Eating for a Healthy Brain
By Kate Gardner
A brain-healthy diet. It doesn't roll off the tongue as well as a heart-healthy diet, but it's just as important. Cardiovascular disease is one of the leading causes of death across the world, and we know that diet plays a big roll in keeping your heart healthy. But your brain needs healthy food, too! Fortunately, evidence published in JAMA Internal Medicine, suggests that the Mediterranean diet may be good for your heart and your brain!
The study, conducted in Spain, followed three groups: one group ate a Mediterranean diet supplemented with a liter of extra-virgin olive oil per week, a second group ate a Mediterranean diet supplemented with 30 grams per day of mixed nuts, and a third group ate a reduced fat diet. Participants were given tests to measure different parts of their cognitive abilities. Those who had eaten either the Mediterranean diet supplemented with olive oil or nuts typically showed an increase in their cognitive test scores. Those who had eaten the reduced fat diet showed a decrease in their scores.
Researchers speculate that the Mediterranean diet may protect the brain in the same ways it protects the heart. The Mediterranean diet is high antioxidants and anti-inflammatory agents. Consuming these foods might protect vessels in the brain as well as the rest of the body, which may reduce cognitive decline associated with aging. The study's authors stress that this isn't proof of a causal relationship (meaning they can't say eating the Mediterranean diet will stop age-related cognitive decline). But when added to the numerous other studies that have found benefits, eating a Mediterranean diet is likely a good thing!

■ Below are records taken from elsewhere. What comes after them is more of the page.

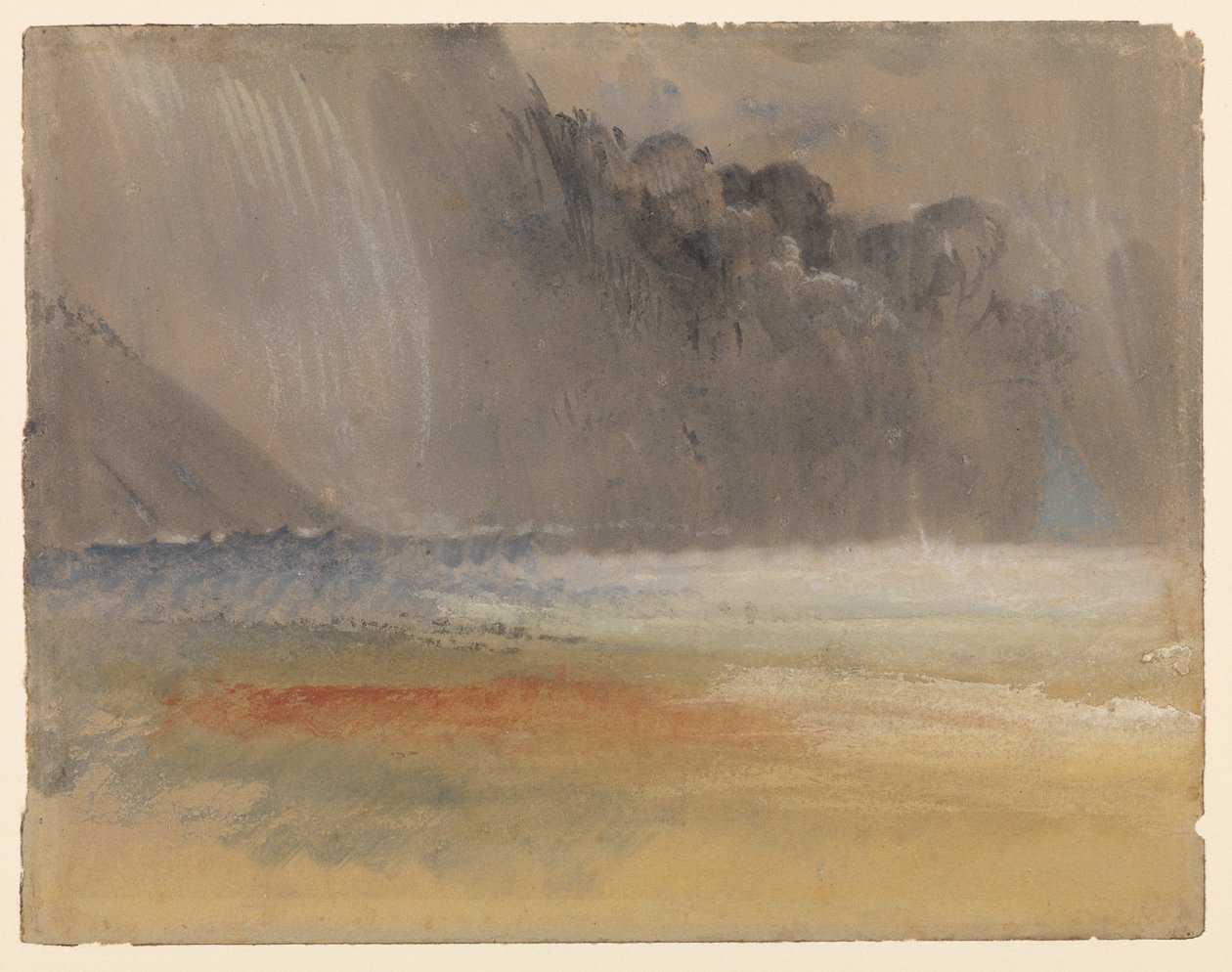Heapet tordensky over hav og land, 1835 - 1840 ca av Joseph Mallord William Turner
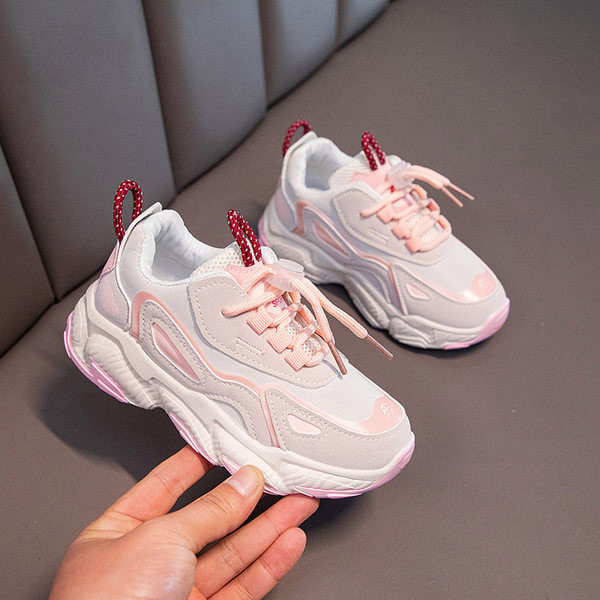 Καθημερινά παιδικά αθλητικά αθλητικά παπούτσια με κορδόνια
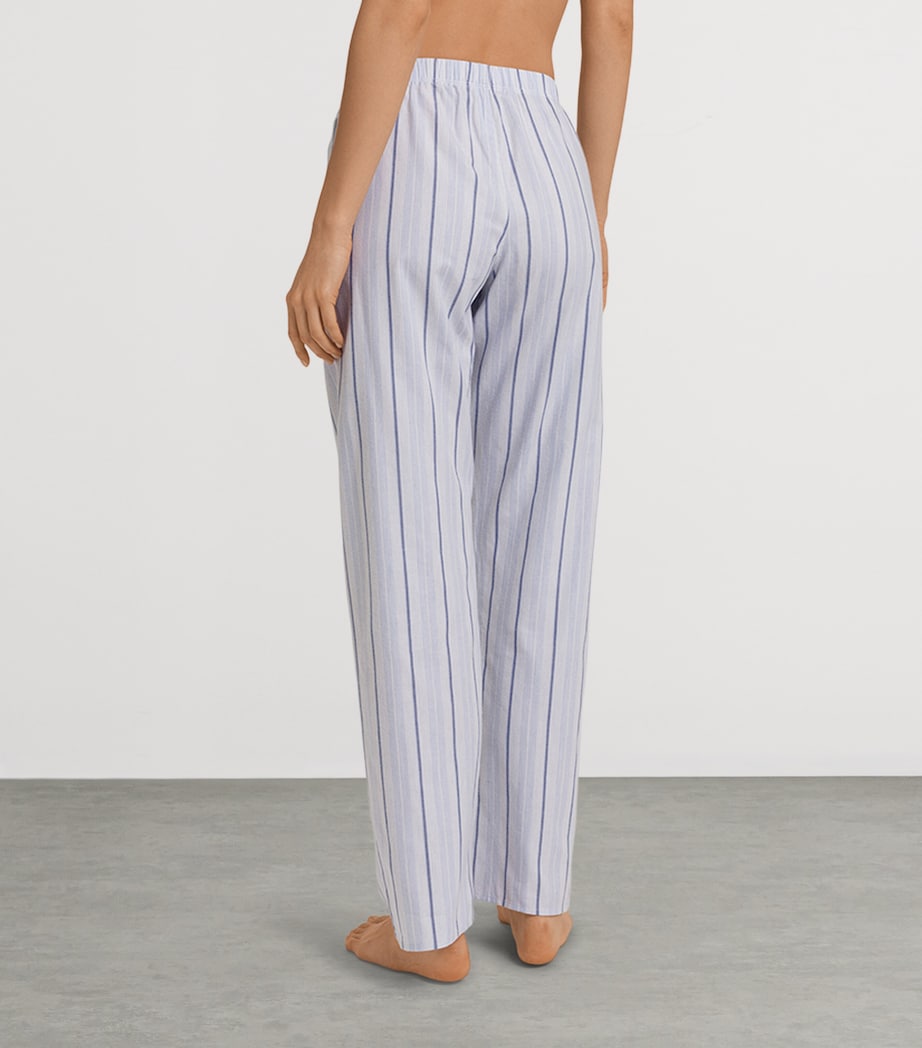 Hanro Multi Cotton Stripe Pyjama Trousers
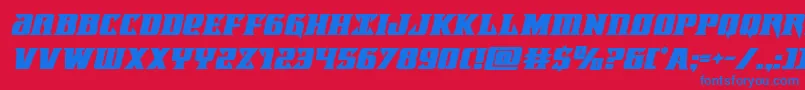 Weitere Informationen zur Lifeforceboldital-Schriftart Lifeforceboldital-Schriftart – Blaue Schriften auf rotem Hintergrund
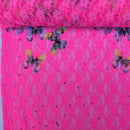Stretch Spandex Lace Fabric Floral Flowers Dress Bridal 54" - Bull Ring Fabrics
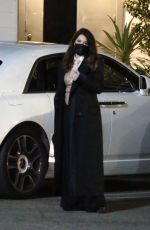 LISA VANDERPUMP Night Out in Los Angeles 02/02/2021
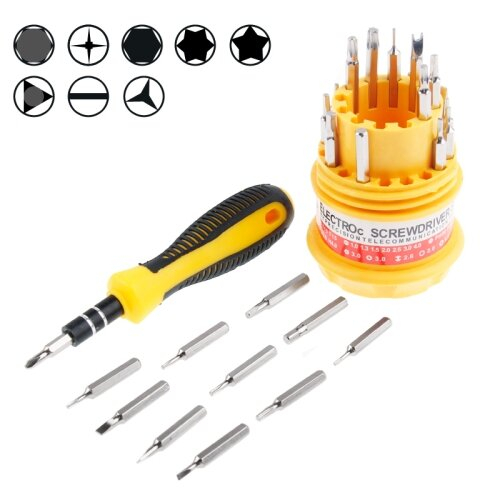 2SET 31 in 1 Micro Pocket Precision Screwdriver Watch Repair Tool Set Kit 1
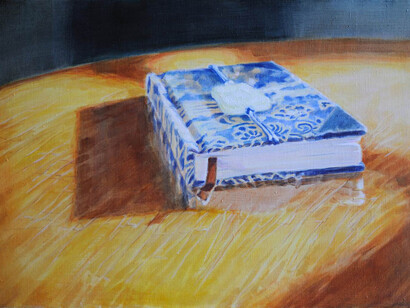 Asta Caplan, Correspondence of Time IV, Oil on Canvas, 17" x 22"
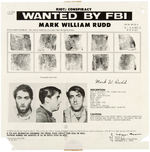 WEATHERMEN AND OTHER 1970s POLITICAL RADICALS LOT OF SEVEN “WANTED BY THE FBI” POSTER MAILERS.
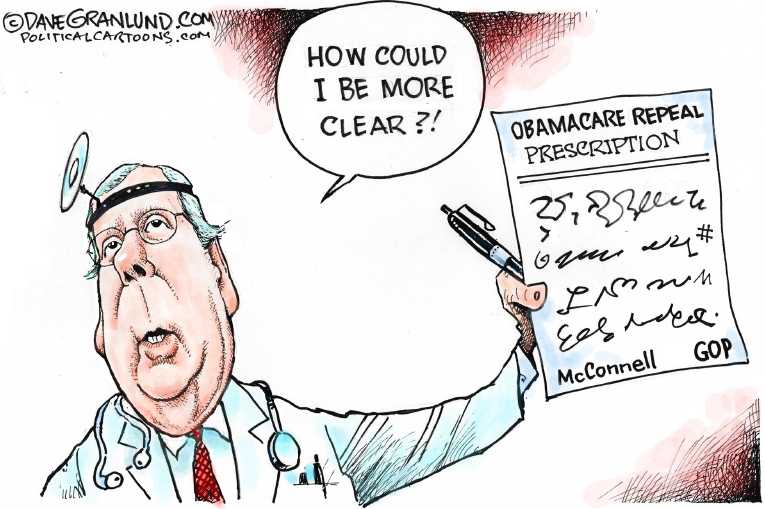 Political/Editorial Cartoon by Dave Granlund on GOP Rights Ship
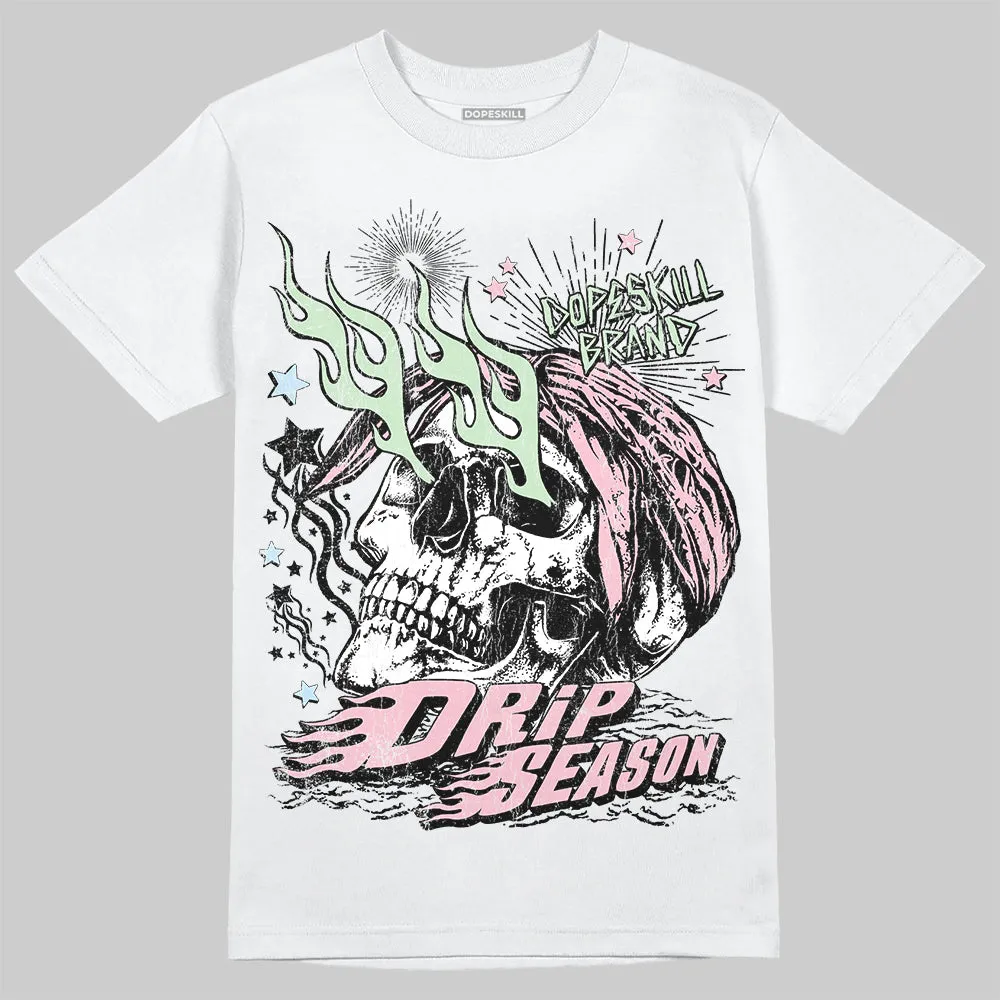 Medium Soft Pink 4s DopeSkill T-Shirt Drip Season Graphic sold by DopeSkill product image thumbnail 2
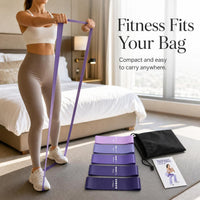 Natural Latex Resistance Bands Set for Home Fitness, Glute Training, Yoga & Strength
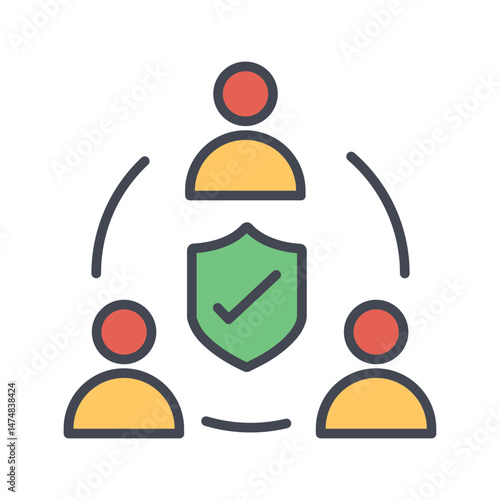 Cybersecurity Team Vector Icon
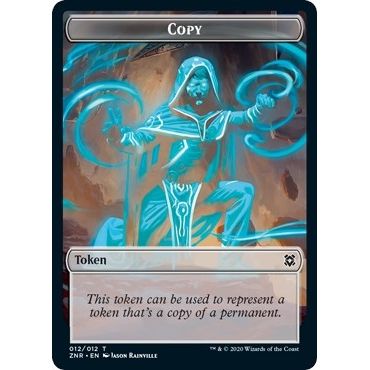 Image for Copy // Kor Warrior Double-sided Token (ZNR) - Magic: The Gathering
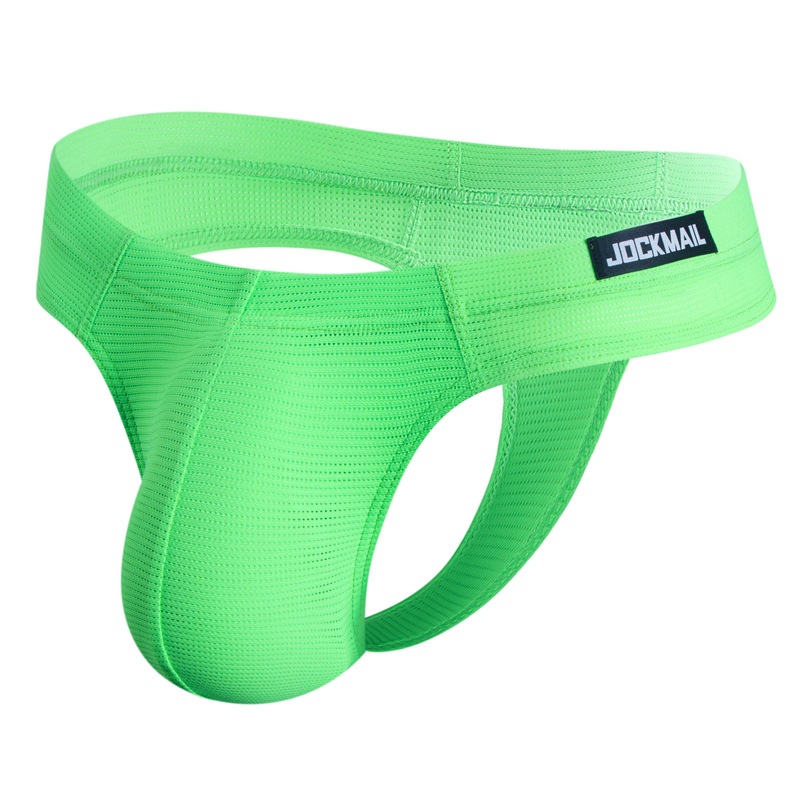 JOCKMAIL men's thong gauze bikini men's underwear emotional excitement convex bag underwear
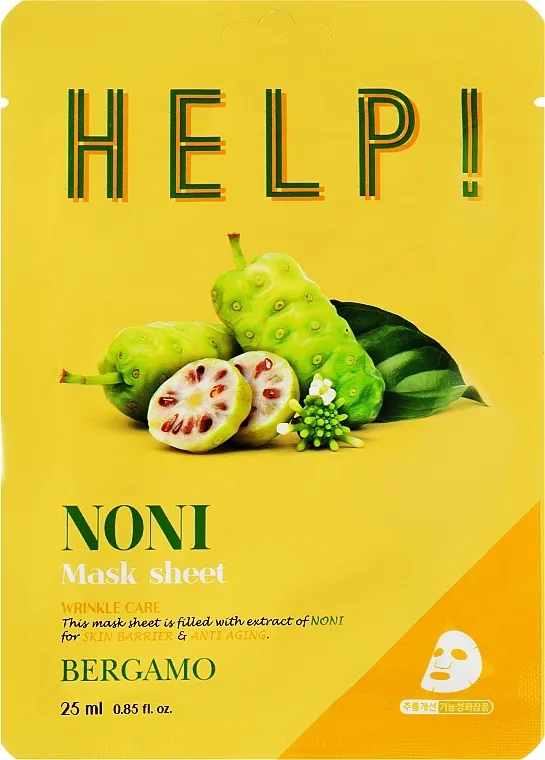 Bergamo HELP! Mask Maska za lice s ekstraktom nonija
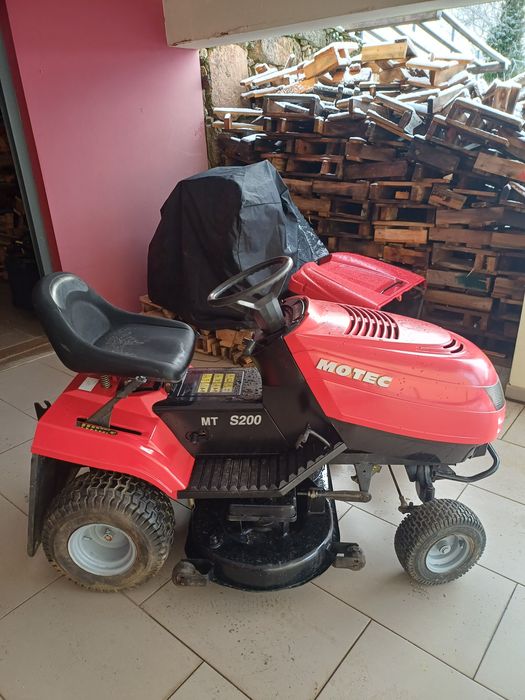 Trator corta relva com cesto 12.5cv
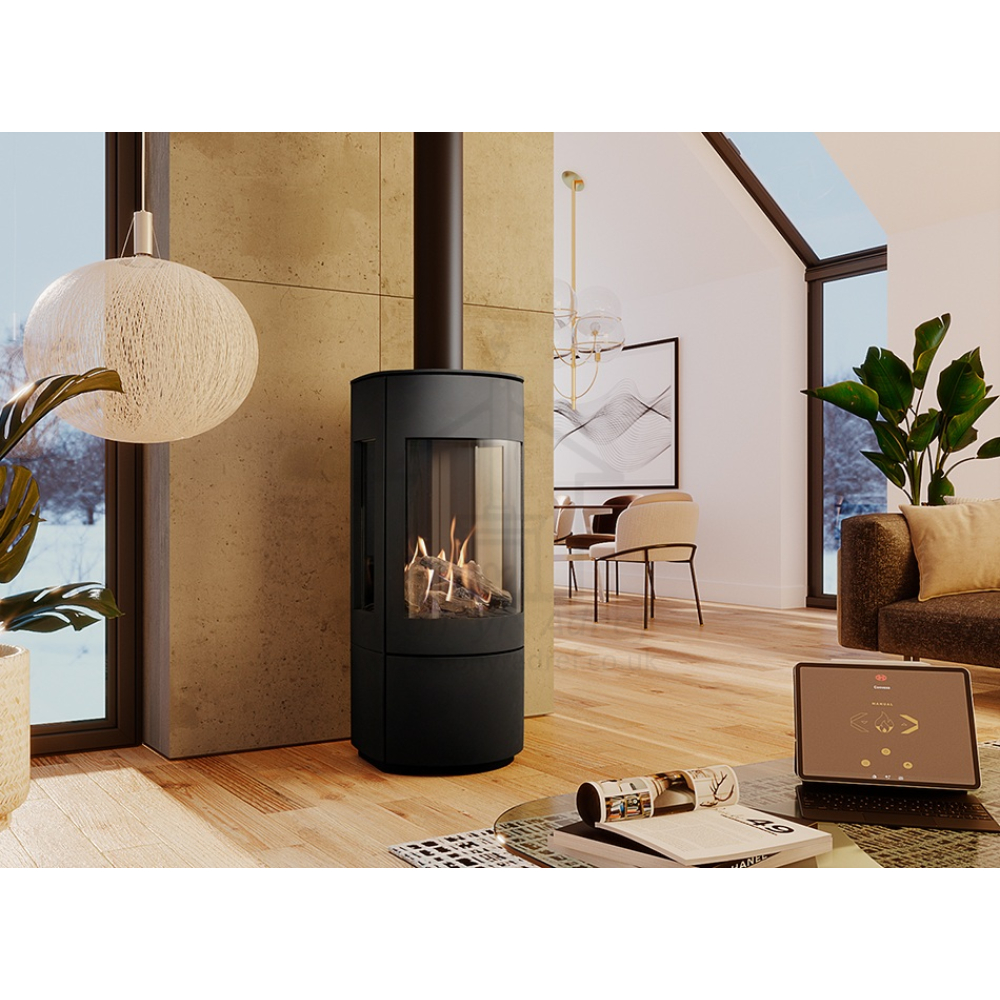 DRU Convexo Modern Cylindrical Gas Stove with Smart Control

According to MayoClinic.com, the Mediterranean diet consists primarily of plant-based foods (fruits and vegetables), whole grains, nuts, and legumes. Olive oil is typically used, instead of butter, and herbs and spices are used to season food, instead of salt. The diet calls for very little red meat, relying on fish and poultry instead. Several studies have born out the impact of eating a Mediterranean diet. It is associated with a number of health benefits, such as a reduction in heart disease as well as a reduction in the incidence of some kinds of cancer.
Bookstores and the internet abound with more information about the Mediterranean diet, why it's good for you, and recipes to try. Take a look to see if it's right for you!